**Task prompt:**
From the entries below, output the line with "Hello guys, I" and each following line up to and including the line with "For more information", exactly as written.

**Source records:**

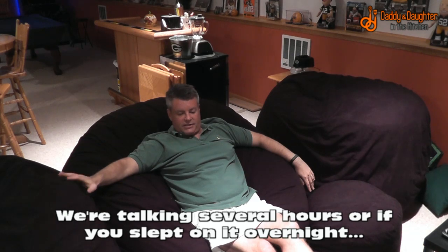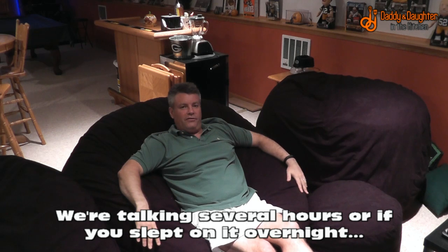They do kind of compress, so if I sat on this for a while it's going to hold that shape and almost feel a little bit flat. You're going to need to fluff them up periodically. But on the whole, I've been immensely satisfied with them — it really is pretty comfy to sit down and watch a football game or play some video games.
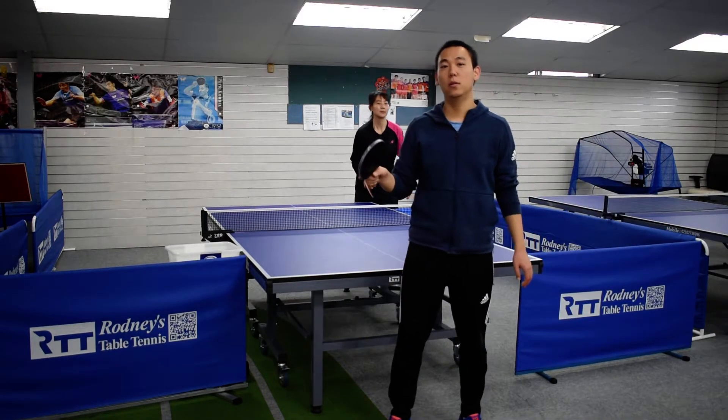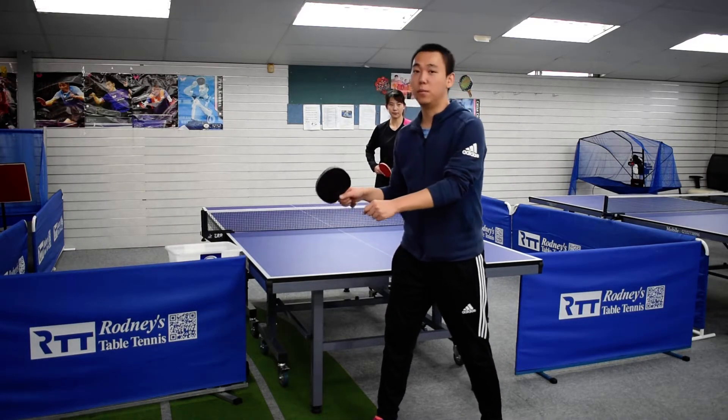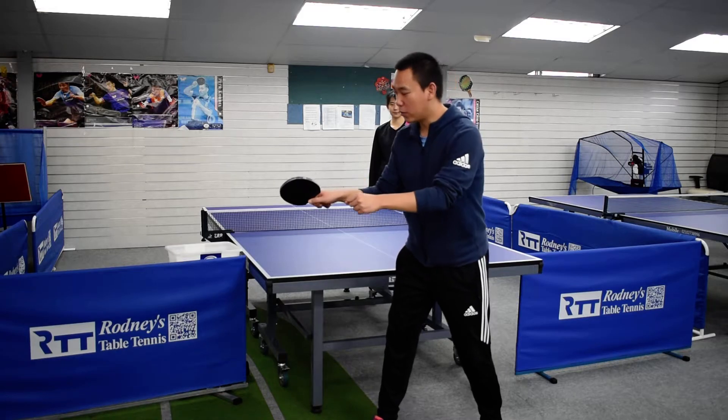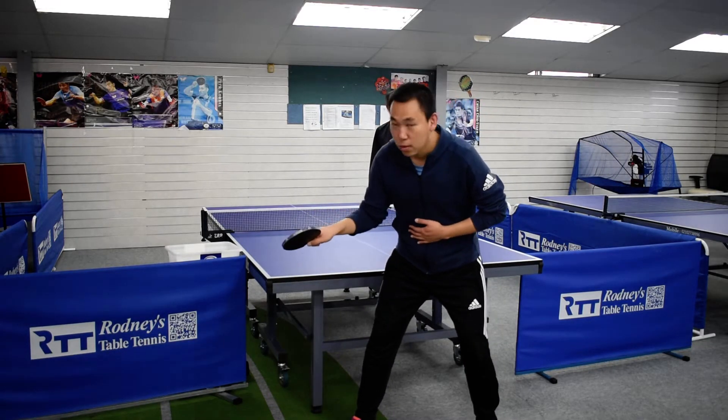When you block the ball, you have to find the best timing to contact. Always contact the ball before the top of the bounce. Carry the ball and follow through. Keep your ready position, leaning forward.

* * *

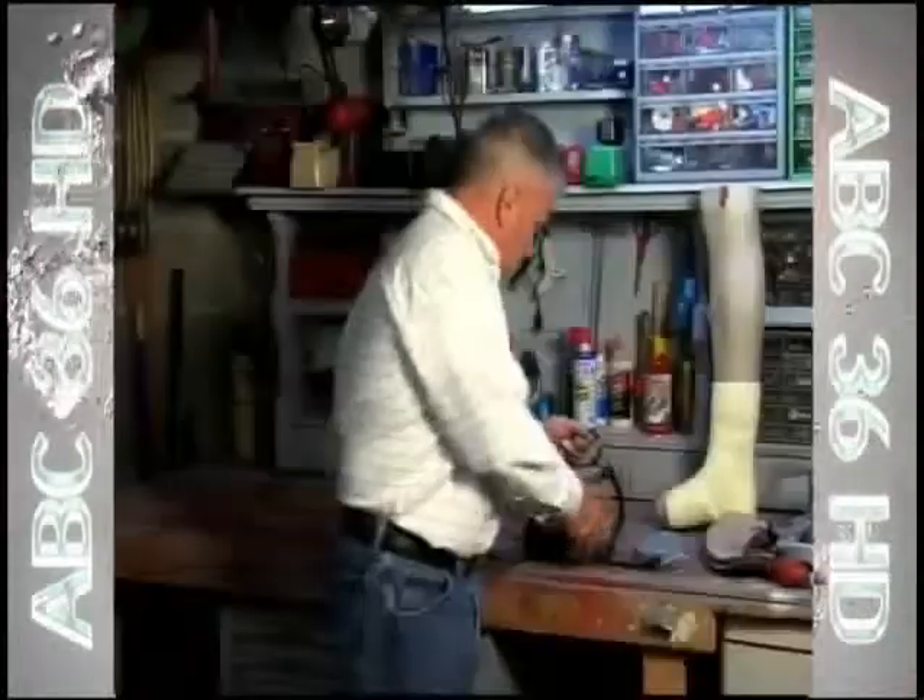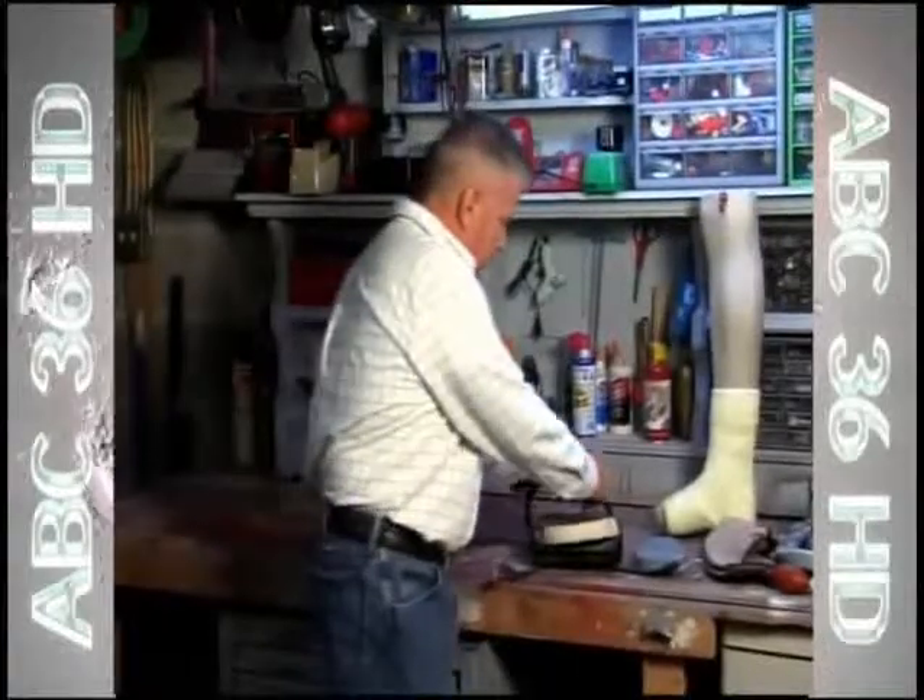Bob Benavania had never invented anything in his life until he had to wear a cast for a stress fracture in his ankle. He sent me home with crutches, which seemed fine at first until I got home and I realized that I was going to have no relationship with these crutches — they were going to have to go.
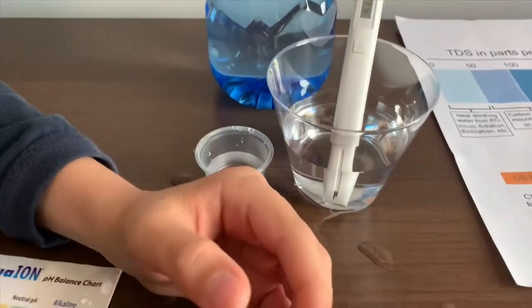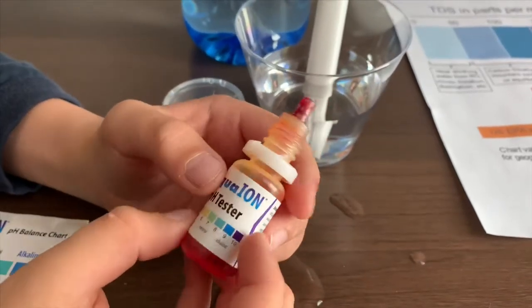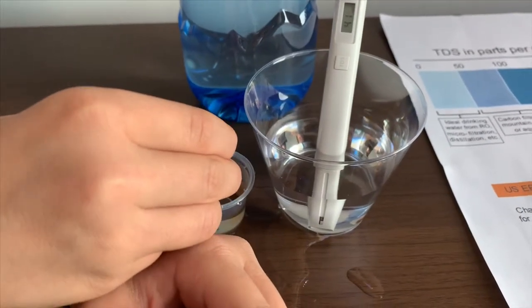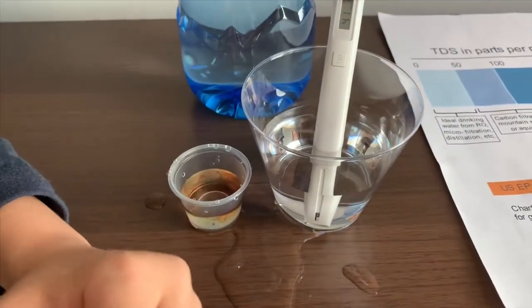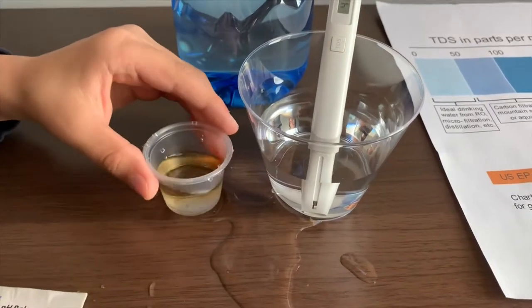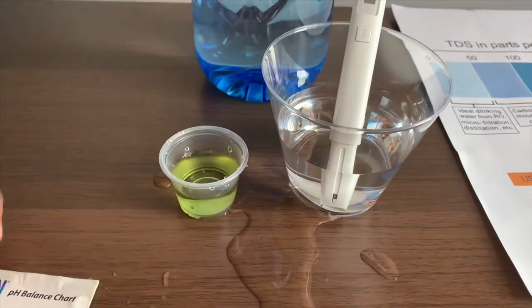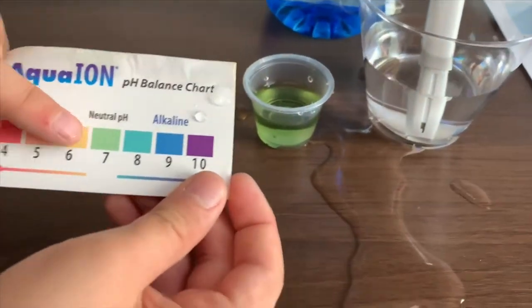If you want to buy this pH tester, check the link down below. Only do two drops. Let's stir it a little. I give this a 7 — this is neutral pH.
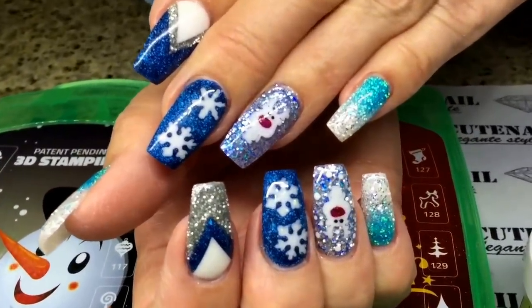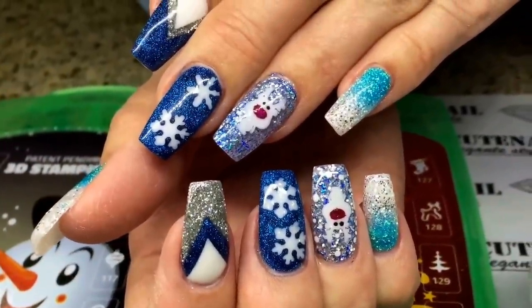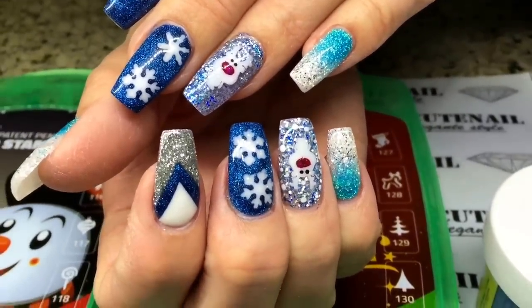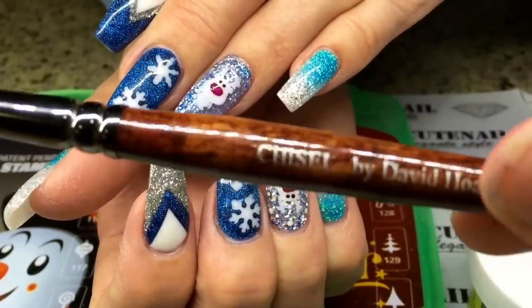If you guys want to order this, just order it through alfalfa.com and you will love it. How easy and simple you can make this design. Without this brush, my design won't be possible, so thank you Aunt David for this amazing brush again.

* * *

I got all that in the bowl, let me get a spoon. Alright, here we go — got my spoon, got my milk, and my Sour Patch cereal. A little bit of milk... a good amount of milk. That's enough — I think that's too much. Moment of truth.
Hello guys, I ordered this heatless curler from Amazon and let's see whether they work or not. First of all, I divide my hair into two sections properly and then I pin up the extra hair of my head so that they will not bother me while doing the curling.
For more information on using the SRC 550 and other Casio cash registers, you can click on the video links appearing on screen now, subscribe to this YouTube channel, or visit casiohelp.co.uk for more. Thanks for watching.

**Result:**
Hello guys, I ordered this heatless curler from Amazon and let's see whether they work or not. First of all, I divide my hair into two sections properly and then I pin up the extra hair of my head so that they will not bother me while doing the curling.
For more information on using the SRC 550 and other Casio cash registers, you can click on the video links appearing on screen now, subscribe to this YouTube channel, or visit casiohelp.co.uk for more. Thanks for watching.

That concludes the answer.